I was asked the other day why we don't advocate for just Tor as the one tool to rule them all. My glib answer is "of course we do, however the larger the toolbox, the better off the world."

Expanding on that notion, the various anonymity, privacy, and circumvention tools target different people and use cases. Tor advocates for Anonymity first, circumvention second. It would be very naive of us to think that we can solve all use cases. In fact, it would be silly of us to try to dictate the needs of any user. The larger the ecosystem of privacy and anonymity tools, the more options for users, and the better off we are as a whole.

At the core, Tor is a protocol and a set of specifications. Others can take our documentation and build upon it for their own tool.

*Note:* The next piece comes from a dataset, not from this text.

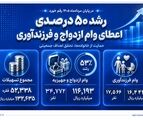 رشد 50 درصدی اعطای وام ازدواج و فرزندآوری در بانک صادرات ایران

The EU PRIME project did this and created a fully Java implementation of Tor with a GUI. The result was called OnionCoffee. It's woefully out of date now, but the proof of concept stands; it can be done. The purpose of specifying a protocol is to leave interpretation and implementation as open as possible. Imagine if the creators of the Internet Protocol restricted implementations to exactly as they had envisioned 40-something years ago. As for Tor, there is much more protocol work to be done, research completed, and our reference implementation polished before we can consider online anonymity solved, or even close to solved.

We are often asked, "I use tool X, what do you think about it? Should I switch to Tor?"

Instead of an answer, we ask a series of questions to find out why they use X; for the reasons of learning more about X, why people choose X, and what Tor may lack. It turns out, they use X because their friends use X, and they know the strengths and weaknesses of the software well. It may not be perfect, but they know what the software can and cannot do. They know if a tool is compromised, or access to the service is shut off, they can switch to another. If there was only one tool, once it is blocked or disappears, the users are screwed. Isn't it great to have options?

Obviously, we state that Tor is a fine solution, and perhaps they should add the concept of anonymity and our software to their list of options. Our goal is educating users to help themselves and others. Anyone who suggests otherwise is trying to sell you something.